Liz White, Yazmin Kayani et Alison Fitzjohn. Photo : Helen Murray

La scénographe Kat Heath garde les secrets dans l'ombre, la lumière leur étant parfois brusquement projetée, mais je me suis demandé si les angles de vue pourraient poser problème pour le public à droite de l'auditorium, car l'action dans la chambre de Mary est élevée et à l'extrémité gauche de la scène. J'ai également trouvé les lumières discordantes et les portes claquantes lors des ellipses temporelles légèrement mélodramatiques, contrastant avec le jeu naturaliste de ce fort ensemble. En tant que Mary, Brid Brennan capture sa volonté d'acier, ses barrières solidement érigées, s'emprisonnant dans son déni de son mari abusif et les profondes cicatrices qu'il a laissées, sa révélation de son abus est déchirante alors qu'elle laisse son chagrin s'échapper. Alison Fitzjohn est une force de la nature dans le rôle de Briana, déterminée à tout mettre au jour, chantant des platitudes en ligne et des slogans d'auto-assistance, mais il y a une profondeur dans sa performance qui empêche cela de devenir un tour comique.
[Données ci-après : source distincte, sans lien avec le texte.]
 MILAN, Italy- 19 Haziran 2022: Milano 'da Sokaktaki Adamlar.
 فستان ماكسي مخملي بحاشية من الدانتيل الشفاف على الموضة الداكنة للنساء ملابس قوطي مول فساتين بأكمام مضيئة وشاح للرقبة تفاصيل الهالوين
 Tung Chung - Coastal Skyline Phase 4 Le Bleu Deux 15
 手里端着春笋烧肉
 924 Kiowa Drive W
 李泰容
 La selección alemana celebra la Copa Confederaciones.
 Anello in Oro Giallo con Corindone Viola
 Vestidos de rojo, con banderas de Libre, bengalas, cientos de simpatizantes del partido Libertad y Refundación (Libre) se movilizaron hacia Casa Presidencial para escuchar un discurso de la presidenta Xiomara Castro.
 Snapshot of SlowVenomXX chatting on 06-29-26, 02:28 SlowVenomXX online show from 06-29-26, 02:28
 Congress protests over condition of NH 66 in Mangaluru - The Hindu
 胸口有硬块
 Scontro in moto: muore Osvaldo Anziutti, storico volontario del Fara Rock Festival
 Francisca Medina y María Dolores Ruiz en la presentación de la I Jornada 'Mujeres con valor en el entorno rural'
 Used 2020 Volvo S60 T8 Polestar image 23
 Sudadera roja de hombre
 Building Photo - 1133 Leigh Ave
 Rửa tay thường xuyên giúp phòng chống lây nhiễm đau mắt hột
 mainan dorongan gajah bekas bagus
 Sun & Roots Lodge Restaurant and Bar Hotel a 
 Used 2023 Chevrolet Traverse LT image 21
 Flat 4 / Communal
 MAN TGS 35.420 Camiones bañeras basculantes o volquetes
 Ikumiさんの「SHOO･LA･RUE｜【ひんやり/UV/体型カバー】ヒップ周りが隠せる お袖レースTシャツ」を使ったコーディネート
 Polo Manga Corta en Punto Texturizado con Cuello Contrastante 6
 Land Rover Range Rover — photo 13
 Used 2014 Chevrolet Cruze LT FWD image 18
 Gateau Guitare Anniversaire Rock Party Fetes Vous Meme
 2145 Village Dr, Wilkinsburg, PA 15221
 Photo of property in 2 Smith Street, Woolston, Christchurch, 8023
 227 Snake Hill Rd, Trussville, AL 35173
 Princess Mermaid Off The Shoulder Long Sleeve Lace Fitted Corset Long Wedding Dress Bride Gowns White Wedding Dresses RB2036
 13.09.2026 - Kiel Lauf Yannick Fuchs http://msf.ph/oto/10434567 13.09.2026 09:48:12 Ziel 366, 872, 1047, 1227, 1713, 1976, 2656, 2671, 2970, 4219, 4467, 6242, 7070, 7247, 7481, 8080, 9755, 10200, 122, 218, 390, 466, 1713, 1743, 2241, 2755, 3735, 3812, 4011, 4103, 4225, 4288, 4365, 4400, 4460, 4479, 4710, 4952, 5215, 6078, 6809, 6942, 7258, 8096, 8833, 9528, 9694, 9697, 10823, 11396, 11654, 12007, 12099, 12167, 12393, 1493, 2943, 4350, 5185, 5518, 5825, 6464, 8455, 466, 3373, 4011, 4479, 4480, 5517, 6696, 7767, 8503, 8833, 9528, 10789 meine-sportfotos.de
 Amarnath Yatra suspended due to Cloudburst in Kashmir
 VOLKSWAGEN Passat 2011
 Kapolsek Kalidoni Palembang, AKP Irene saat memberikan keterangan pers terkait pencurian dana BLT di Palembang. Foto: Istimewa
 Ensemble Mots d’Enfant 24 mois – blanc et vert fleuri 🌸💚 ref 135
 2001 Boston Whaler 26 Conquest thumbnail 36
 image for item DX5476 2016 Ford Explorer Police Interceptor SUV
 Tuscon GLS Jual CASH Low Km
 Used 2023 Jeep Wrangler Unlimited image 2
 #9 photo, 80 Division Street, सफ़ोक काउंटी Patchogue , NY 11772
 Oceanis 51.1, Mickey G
Elle déplace le canapé pour révéler le sang de son enfance tache le tapis, et cela symboliquement révèle tout. Andrea Lowe est magnifiquement fragile dans le rôle de Julie, buveuse, elle-même cachant les ecchymoses reçues de son partenaire abusif, Liz White vibre de martyre en tant que Bernie organisée et stable, Yazmin Kayani en tant que sa fille Ella dévastée en réalisant l'horreur véritable de l'histoire familiale. Complétant la distribution, Rosy Sterling est Leigh, une prisonnière libérée, accueillie par Mary, et bien qu'elle soit clairement un dispositif de l'intrigue pour poser des questions et obtenir des réponses, sa performance énergique révèle les insuffisances du soutien aux prisonniers libérés.

Photo : Helen Murray

Alors que chaque femme avoue leur contrôle par les hommes, (Ella voulant quitter l'université à cause d'un professeur louche avec des avances inappropriées), la pièce glisse trop visiblement dans le verbatim. De plus, à l'occasion, l'humour se situe difficilement aux côtés du sujet, bien qu'il soit clair que les femmes l'utilisent comme mécanisme de défense. Mais, comme Helena Kennedy QC l'explique dans un excellent article de programme, la misogynie est une manière de penser, et sa normalisation est puissamment transmise dans cette pièce bien rythmée et profondément engageante. La pièce se termine par un acte de rédemption simple, mais puissant, et ce sont ces moments qui rendent cette production mémorable.